Либерия — страница 41 из 60

— Эк, заладил — «оборотень» да «оборотень»! — сморщился отец Кондратий. — Не вижу я в нем ничего такого. Вроде, парень как парень. Дерется только больно зло. Может, тебе, Митроха, спьяну померещилось.

Ничего не спьяну! — аж задохнулся от обиды целовальник. — Я и не пил вовсе, вот истинный крест! А давайте, его водицей из святого колодца окатим! Чай, не простой колодец-то, сам преподобный Андроник его копал. Вот и увидим, человек он али нет.

Митроха даже радостно оскалился, так ему эта идея понравилась.

— Святой водицей, говоришь? — казначей задумчиво поскреб бороду, затем согласно кивнул. — А и то верно! Сразу ясно станет, человек али тварь нечистая. Поди-ка, Никодим, принеси бадейку.

— Только сумку с него снимите, сумку! — засуетился Митроха. — Тама у него серебро-то, поди. Вот и должок мой кабацкий оплатится. Так ли говорю, отец Кондратий?

— Поглядим, — хмуро буркнул казначей, засовывая сумку подмышку. — Ты, Митроха, меня на лихое дело не подбивай. Коли парень оборотнем окажется, тогда уж… А так… чай, мы не тати. Да и деньги эти к твоему долгу отношение не имеют, как и к тебе самому. Богово это… Вон у скудельницы[18] оградку новую надо бы поставить.

Чернобородый, отдуваясь, притащил огромную, ведра на три бадью и спросил казначея:

— Э..эта… отец Кондратий, лить, что ли? Дык, застынет, чай, не лето.

— Коли оборотень, так не застынет, а наоборот, сгореть должен, — встрял в разговор белобрысый послушник, за что получил гневный взгляд казначея и, смиренно потупившись, отошел в сторону.

— А ты лей, чадо, лей!
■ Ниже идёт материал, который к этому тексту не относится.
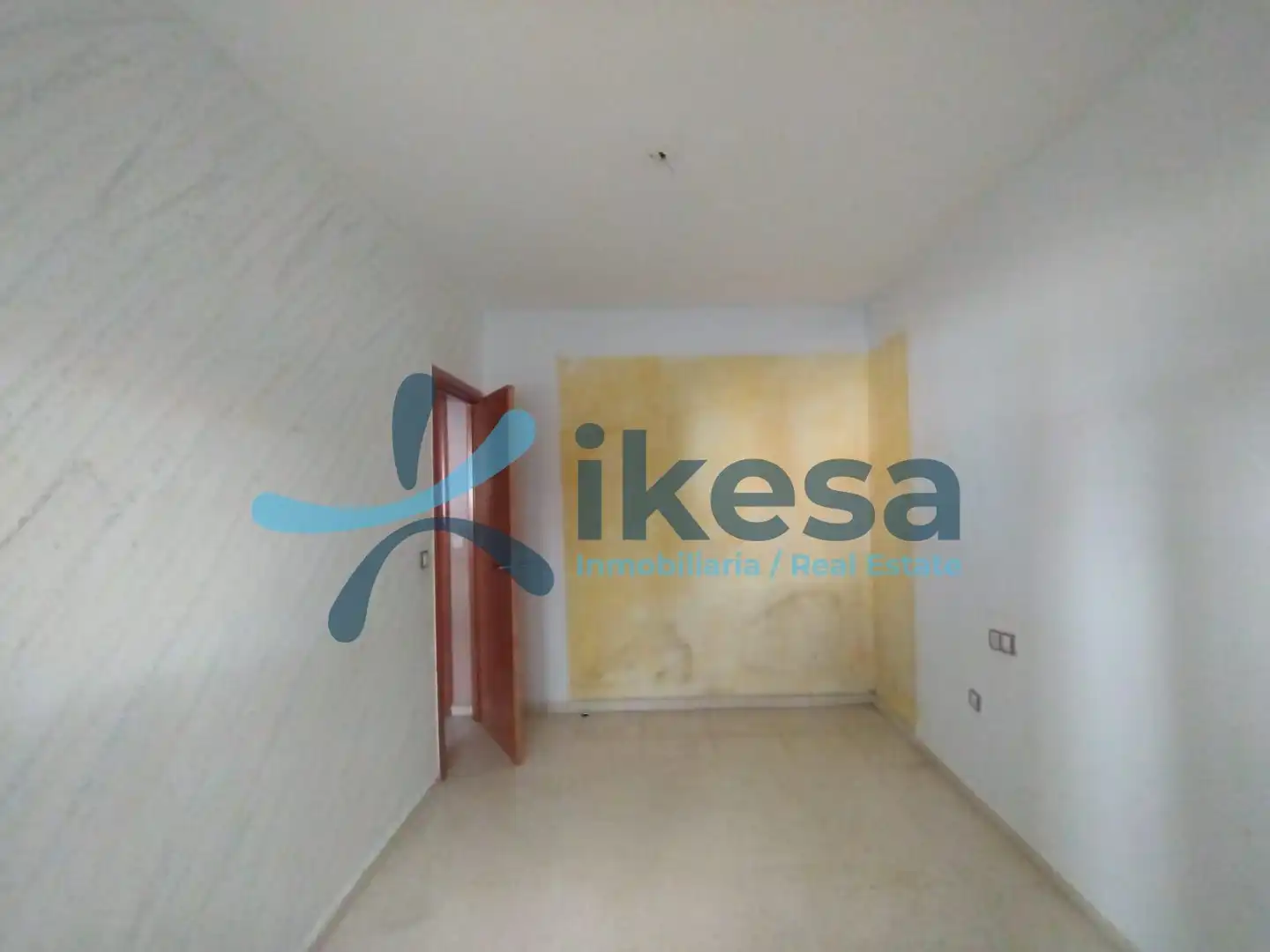 Wohnung mit Aufzug zum Verkauf in San Juan del Puerto, imagen 23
Господь не попустит, чтобы безвинный человек пострадал, — нетерпеливо махнул рукой казначей. — А то я уж и сам застыл, стоявши, да и к трапезе пора.

На лице чернобородого отразилась нерешительность, но потом, видимо устыдившись своего сомнения в промысле божьем, он с уханьем опрокинул тяжеленную бадью на лежащего парня.

Истошный вопль, спугнул стаю ворон с купола Спасского собора, и затих, перейдя в хрип. Тело парня выгнулось дугой, широко открытые глаза побелели, он хватал разбитым ртом воздух, тщетно пытаясь протолкнуть его в сведенные судорогой легкие.

— Гля, гля! — Митороха возбужденно тыкал пальцем в корчащееся на снегу тело. — Ща он, этого… того… в прах рассыплется.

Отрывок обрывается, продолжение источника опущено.